In order to identify the current thread one can use:

In [13]:
print(threading.current_thread().getName())
print(threading.current_thread().native_id)

MainThread
29843


In [4]:
import threading
import time

def worker(number):
    """thread worker function"""
    time.sleep(number)
    print('Worker name: {}'.format(threading.current_thread().getName()))
    print('Worker native id: {}'.format(threading.current_thread().native_id))
    print('Worker number: {}'.format(number))
    

threads = []
for i in range(5):
    t = threading.Thread(target=worker, args=[i],name="ben_{}".format(i))
    threads.append(t)
    t.start()
    

Worker name: ben_0
Worker native id: 613
Worker number: 0
Worker name: ben_1
Worker native id: 614
Worker number: 1
Worker name: ben_2
Worker native id: 615
Worker number: 2
Worker name: ben_3
Worker native id: 616
Worker number: 3
Worker name: ben_4
Worker native id: 617
Worker number: 4


----

## Deamons vs.

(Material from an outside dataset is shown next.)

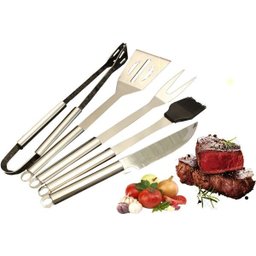 Kit Churrasco 5 Peças em Inox com Estojo Garfo Pegador Faça Pincel Espátula - 4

Non-deamons threads

Up to this point, the examples above have implicitly waited for all threads to complete their work before exiting (these are called Non-deamon threads). Sometimes it is beneficial for programs to spawn a thread as a daemon which will run without blocking the main program from exiting.

Using daemon threads is useful for services where there may not be an easy way to interrupt the thread, or where letting the thread die in the middle of its work does not lose or corrupt data (for example, a thread that generates “heart beats” for a service monitoring tool). To mark a thread as a daemon, pass `daemon=True` when constructing it or call its `set_daemon()` method with `True`. 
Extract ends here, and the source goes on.